断熱材は熱伝導率で断熱性能を比較しましたが、窓は熱貫流率(U値)で比較します。
窓は仕様によって断熱性能が異なります。
代表的な仕様の熱貫流率は以下の通りです。
単板の熱貫流率 6.51 W/㎡K
複層の熱貫流率 4.07 W/㎡K
もっと性能の高い(熱貫流率が小さい)窓もありますが、寒冷地以外で多く使われているのはこのような性能のものが多いのではないかと思います。
次は窓と断熱材の断熱性能を比較してみましょう。
窓と断熱材を比較するためには断熱材の熱貫流率を計算します。
外壁にグラスウール断熱材16Kを100mm充填したとします。
グラスウール断熱材16Kの熱伝導率は0.045W/mKですから、100mm(0.1m)のときの熱貫流率の計算方法は以下の通りです。
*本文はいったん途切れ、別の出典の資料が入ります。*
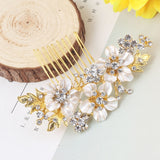 Fashion Pearl Flower Headband Bridal Wedding Crown Hair Accessories Women Party HairBand Tiara Crystal Headpiece Hair Jewelry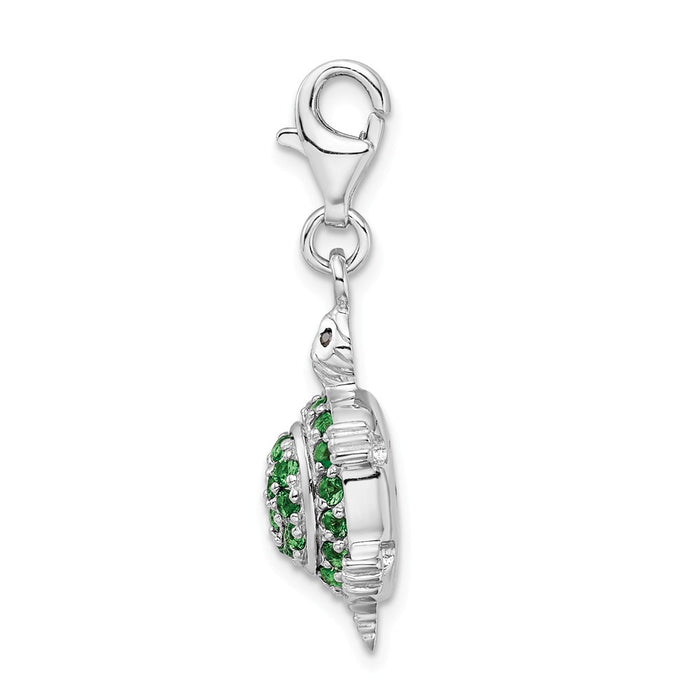 Million Charms 925 Sterling Silver Rhodium-plated Plated (Cubic Zirconia) CZ Green Turtle With Lobster Clasp Charm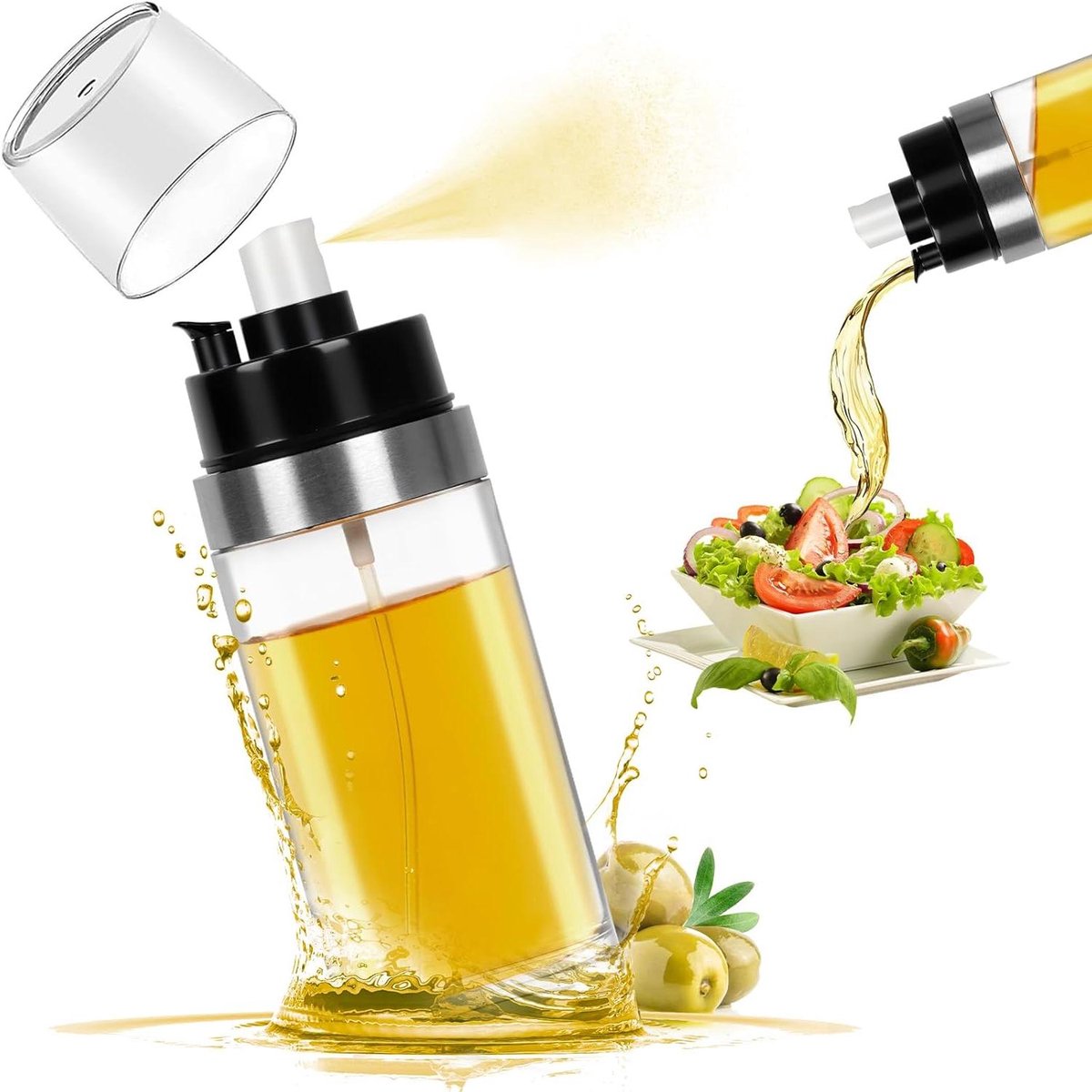 2-in-1 oliespray 150 ml – voedselveilige sproeikop, voor airfryer, grill, salade, bakken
1 / (0.04 + (0.1 / 0.045) + 0.11) = 0.42W/㎡K
熱貫流率は数値が小さいほど断熱性能が高いことを表します。
複層の窓とグラスウール100mmの断熱性能を比較すると、
4.07 ÷ 0.42 = 9.7
となり、断熱材よりも窓の方が約10倍熱が通しやすいということがわかります。
ちなみに単板の窓ですと約16倍です。
超高性能な窓ですと熱貫流率1切るものもありますが、それでも断熱材よりも2倍くらい熱を通します。(超高性能な窓はコストがかかります)
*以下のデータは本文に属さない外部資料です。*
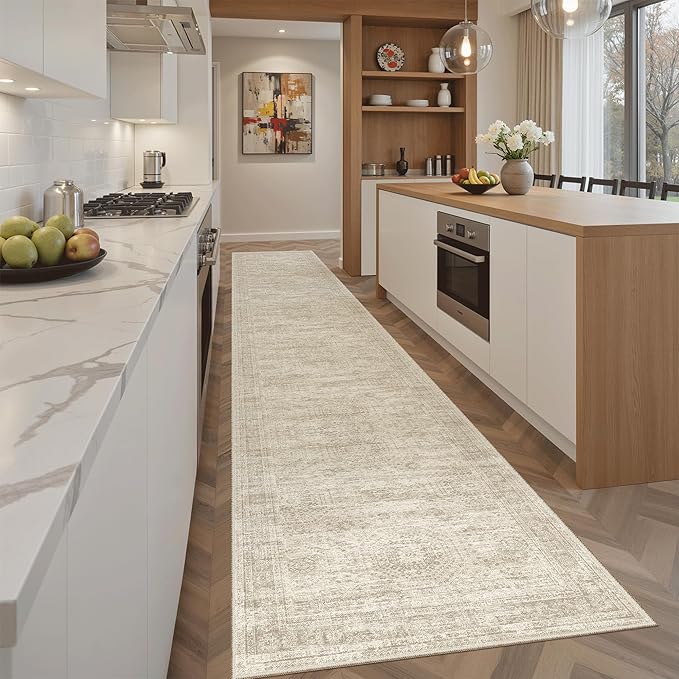 Soalmost Runner Rug 2'x10' Washable Non-Slip Runner Rugs for Kitchen Bathroom Laundry Room Beige Vintage Floor Carpet Runners for Hallway Entryway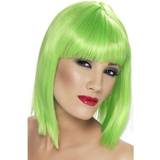 Grön Maskerad Korta peruker Smiffys Glam Wig Neon Green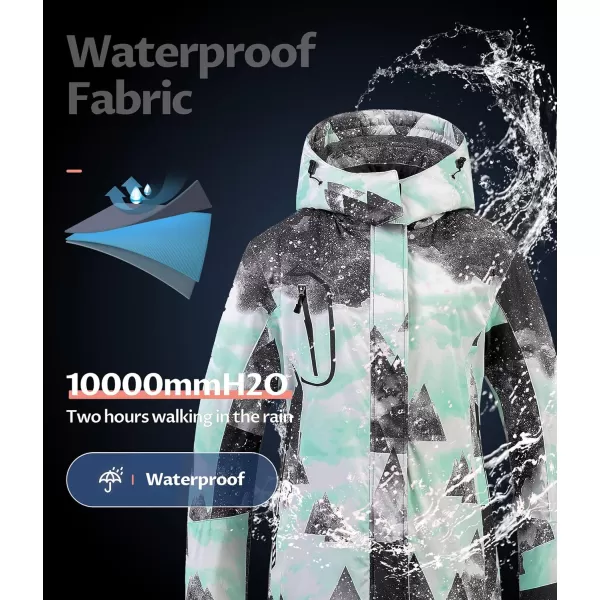 CREATMO US Womens Mountain Waterproof Ski Jacket Windproof Snowboarding Jacket Warm Winter Coat RaincoatSnow Mountain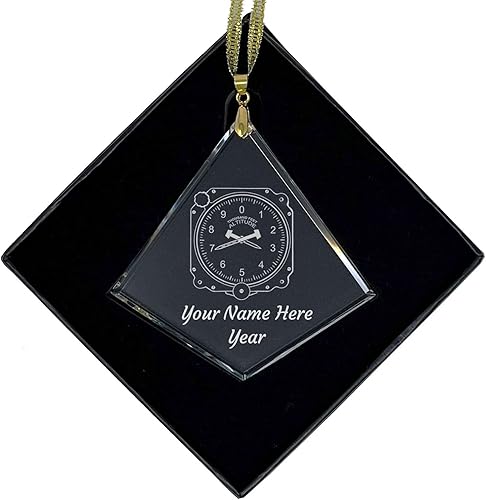 LaserGram Christmas Ornament, Airplane Altimeter, Personalized Engraving Included (Diamond Shape)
このように通常の窓は断熱材と比較すると非常に断熱性能が低いことがわかります。
窓は断熱性能が低いため窓からの熱損失の割合は大きくなります。
下記は省エネルギー基準をクリアする住宅で、部位ごとの熱損失の割合を示した円グラフです。
この住宅ではおおよそ熱損失の半分は窓・ドアからとなっています。
この住宅の窓は複層で性能が特別低いというわけではありませんが、それでもこのような結果になってしまいます。
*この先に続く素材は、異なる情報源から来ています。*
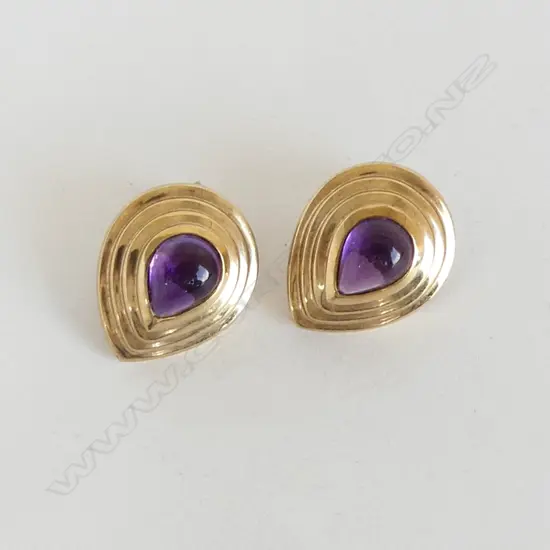 PR 9CT & PURPLE GEM EARRINGS, 6.1gms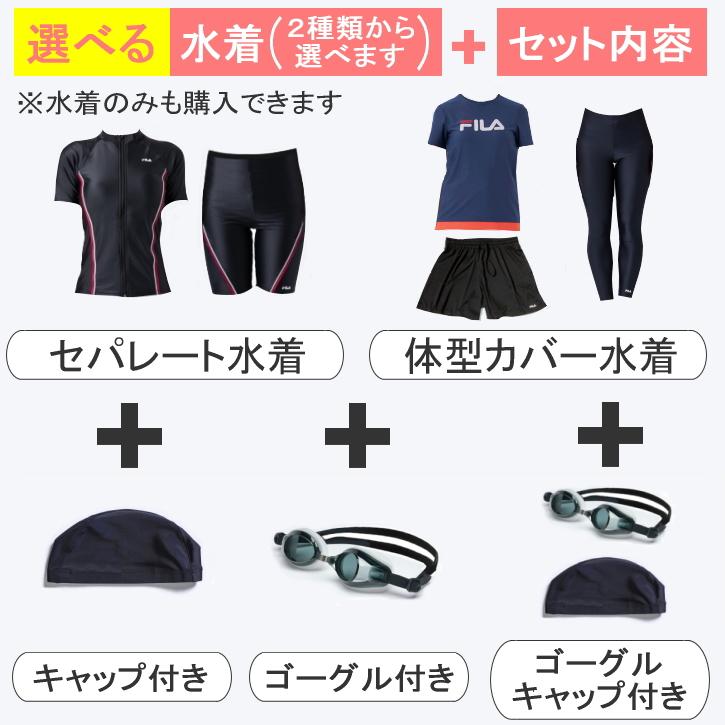 フィットネス水着 レディース セパレート 体型カバー 半袖 大きいサイズ fila ブランド 50代 40代 30代 タンキニ おしゃれ フィラ めくれ防止 ジム プール | FILA | 03
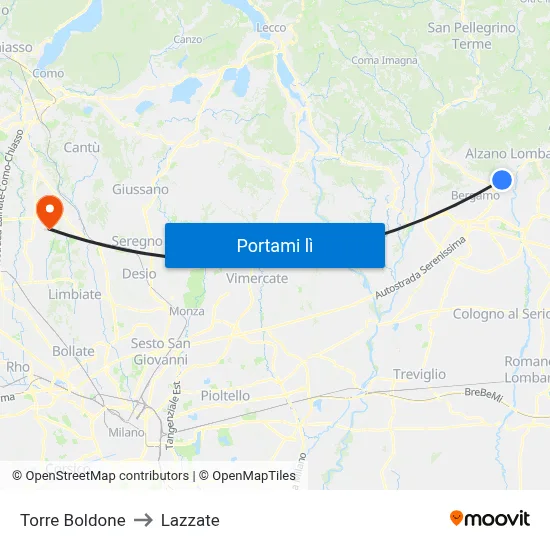 Torre Boldone to Lazzate map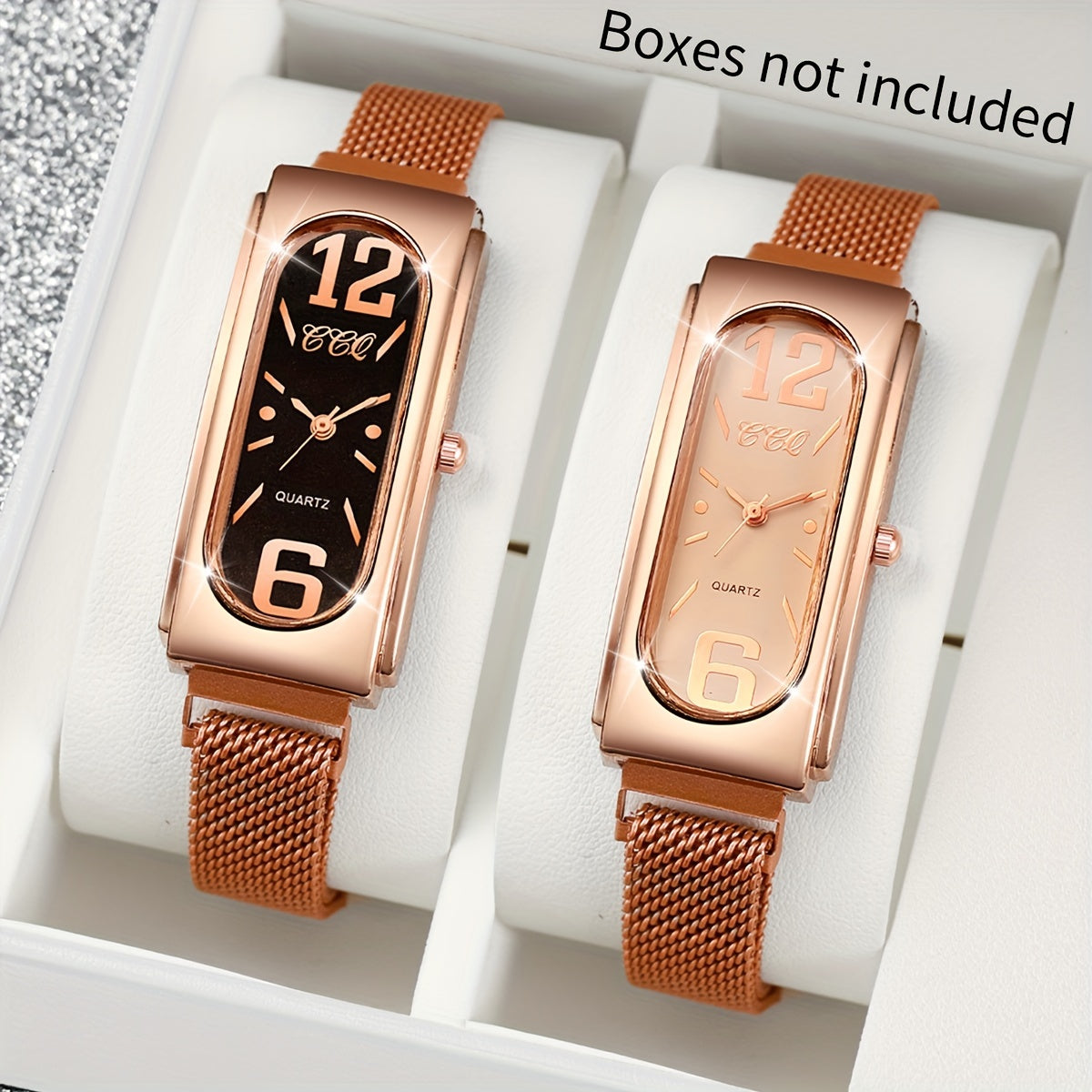 Exquisite Stainless Steel Mesh Band Quartz Watch Set ( 2pcs. set)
これは前述したとおり窓が断熱材と比較して断熱性能が低いためです。
このグラフはあくまでも一例ですが、日本の場合このような住宅は珍しくありません。
窓は外壁などに比べると面積は少ないのですが、断熱性能が低いため熱が多く逃げる場所ということを認識しておきましょう。
いくら断熱材を厚くしても、窓から熱が逃げていては意味がありません。